Smart shopping is an art (in my mind). It takes commitment, self-control, willingness, and, above all, contentment. The “stuff” budget requires shopping and decision-making. I don’t know of any normal, hard-working individual who hands a personal shopper a lump sum of money and says, “Here. Please buy us all we need to live on and don’t ask me my opinion.” This portion of the budget demands that we make choices. Where are we going to shop? How often are we going to buy groceries? Should we include clothing in this portion or have a separate clothing budget? What can we live without and what can’t we live without? These are questions you have to sift through before hitting the grocery aisles.
Because it is impossible to provide food and clothing for our families without shopping in some way, I’m going to offer up a few general ideas to help you get started on your way to becoming a smart shopper.
1. Set a goal.
Motivation is key when trying to stick to a budget. My motivation is 4 blonde, blue-eyed cuties. It is my goal to continue to stay home with my kids while they are young. Maybe yours is to pay off debt sooner than later. Maybe you are saving for a down payment on a house. Whatever it is, without a goal in mind, it is really hard to put down the whole bean Starbucks coffee and buy whatever is on sale instead.

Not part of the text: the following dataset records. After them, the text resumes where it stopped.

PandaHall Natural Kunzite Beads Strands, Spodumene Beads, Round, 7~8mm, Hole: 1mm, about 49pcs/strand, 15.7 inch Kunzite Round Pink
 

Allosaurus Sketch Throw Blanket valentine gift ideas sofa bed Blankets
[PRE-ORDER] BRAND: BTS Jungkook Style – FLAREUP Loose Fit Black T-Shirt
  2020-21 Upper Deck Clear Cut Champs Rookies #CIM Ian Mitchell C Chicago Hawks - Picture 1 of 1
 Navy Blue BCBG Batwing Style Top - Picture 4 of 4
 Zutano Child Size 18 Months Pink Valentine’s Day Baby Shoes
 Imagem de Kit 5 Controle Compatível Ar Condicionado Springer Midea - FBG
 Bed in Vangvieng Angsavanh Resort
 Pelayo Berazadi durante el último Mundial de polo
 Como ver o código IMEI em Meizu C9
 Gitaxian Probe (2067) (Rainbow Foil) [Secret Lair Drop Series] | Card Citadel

2. Choose a monthly or weekly “stuff” budget.
Only you can decide what this amount will be, but consider some of the following: don’t drastically change what your spending trends have been all at once (otherwise you’ll want to give up!), withdraw your “stuff” budget in cash to give a clear visual of how much you really have to spend, and show yourself (and your spouse) grace by being willing to be flexible until you have reached a workable budget.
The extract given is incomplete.